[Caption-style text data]
-=-=-=-=-
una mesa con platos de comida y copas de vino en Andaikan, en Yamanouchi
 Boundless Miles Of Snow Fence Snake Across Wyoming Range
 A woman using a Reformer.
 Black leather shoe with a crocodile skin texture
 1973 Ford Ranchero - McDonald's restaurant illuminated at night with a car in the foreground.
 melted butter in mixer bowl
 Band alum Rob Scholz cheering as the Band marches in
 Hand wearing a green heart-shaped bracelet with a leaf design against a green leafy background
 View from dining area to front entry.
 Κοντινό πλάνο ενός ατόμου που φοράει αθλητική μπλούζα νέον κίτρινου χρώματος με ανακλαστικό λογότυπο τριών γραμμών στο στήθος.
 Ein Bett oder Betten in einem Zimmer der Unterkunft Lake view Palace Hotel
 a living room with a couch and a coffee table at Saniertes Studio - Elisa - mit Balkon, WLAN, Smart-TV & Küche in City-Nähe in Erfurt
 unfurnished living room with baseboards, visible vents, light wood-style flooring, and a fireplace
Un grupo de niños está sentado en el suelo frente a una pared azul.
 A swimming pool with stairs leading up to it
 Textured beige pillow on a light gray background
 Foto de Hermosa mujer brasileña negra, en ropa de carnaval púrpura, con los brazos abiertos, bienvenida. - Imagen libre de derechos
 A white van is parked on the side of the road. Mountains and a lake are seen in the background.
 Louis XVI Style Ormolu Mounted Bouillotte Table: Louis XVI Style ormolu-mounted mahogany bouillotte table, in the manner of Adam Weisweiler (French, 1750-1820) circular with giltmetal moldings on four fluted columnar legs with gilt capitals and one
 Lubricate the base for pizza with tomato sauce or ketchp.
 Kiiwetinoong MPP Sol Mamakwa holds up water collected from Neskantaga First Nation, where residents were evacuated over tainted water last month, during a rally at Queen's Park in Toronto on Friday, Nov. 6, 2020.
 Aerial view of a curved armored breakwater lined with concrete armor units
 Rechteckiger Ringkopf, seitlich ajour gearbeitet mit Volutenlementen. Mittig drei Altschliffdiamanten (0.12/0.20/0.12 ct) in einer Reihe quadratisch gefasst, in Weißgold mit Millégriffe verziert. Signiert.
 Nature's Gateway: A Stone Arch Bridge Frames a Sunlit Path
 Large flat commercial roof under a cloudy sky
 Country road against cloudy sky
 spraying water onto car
-=-=-=-=-
*ASSIGNMENT*
Set the records above down again. Match them exactly.

*ANSWER*
una mesa con platos de comida y copas de vino en Andaikan, en Yamanouchi
 Boundless Miles Of Snow Fence Snake Across Wyoming Range
 A woman using a Reformer.
 Black leather shoe with a crocodile skin texture
 1973 Ford Ranchero - McDonald's restaurant illuminated at night with a car in the foreground.
 melted butter in mixer bowl
 Band alum Rob Scholz cheering as the Band marches in
 Hand wearing a green heart-shaped bracelet with a leaf design against a green leafy background
 View from dining area to front entry.
 Κοντινό πλάνο ενός ατόμου που φοράει αθλητική μπλούζα νέον κίτρινου χρώματος με ανακλαστικό λογότυπο τριών γραμμών στο στήθος.
 Ein Bett oder Betten in einem Zimmer der Unterkunft Lake view Palace Hotel
 a living room with a couch and a coffee table at Saniertes Studio - Elisa - mit Balkon, WLAN, Smart-TV & Küche in City-Nähe in Erfurt
 unfurnished living room with baseboards, visible vents, light wood-style flooring, and a fireplace
Un grupo de niños está sentado en el suelo frente a una pared azul.
 A swimming pool with stairs leading up to it
 Textured beige pillow on a light gray background
 Foto de Hermosa mujer brasileña negra, en ropa de carnaval púrpura, con los brazos abiertos, bienvenida. - Imagen libre de derechos
 A white van is parked on the side of the road. Mountains and a lake are seen in the background.
 Louis XVI Style Ormolu Mounted Bouillotte Table: Louis XVI Style ormolu-mounted mahogany bouillotte table, in the manner of Adam Weisweiler (French, 1750-1820) circular with giltmetal moldings on four fluted columnar legs with gilt capitals and one
 Lubricate the base for pizza with tomato sauce or ketchp.
 Kiiwetinoong MPP Sol Mamakwa holds up water collected from Neskantaga First Nation, where residents were evacuated over tainted water last month, during a rally at Queen's Park in Toronto on Friday, Nov. 6, 2020.
 Aerial view of a curved armored breakwater lined with concrete armor units
 Rechteckiger Ringkopf, seitlich ajour gearbeitet mit Volutenlementen. Mittig drei Altschliffdiamanten (0.12/0.20/0.12 ct) in einer Reihe quadratisch gefasst, in Weißgold mit Millégriffe verziert. Signiert.
 Nature's Gateway: A Stone Arch Bridge Frames a Sunlit Path
 Large flat commercial roof under a cloudy sky
 Country road against cloudy sky
 spraying water onto car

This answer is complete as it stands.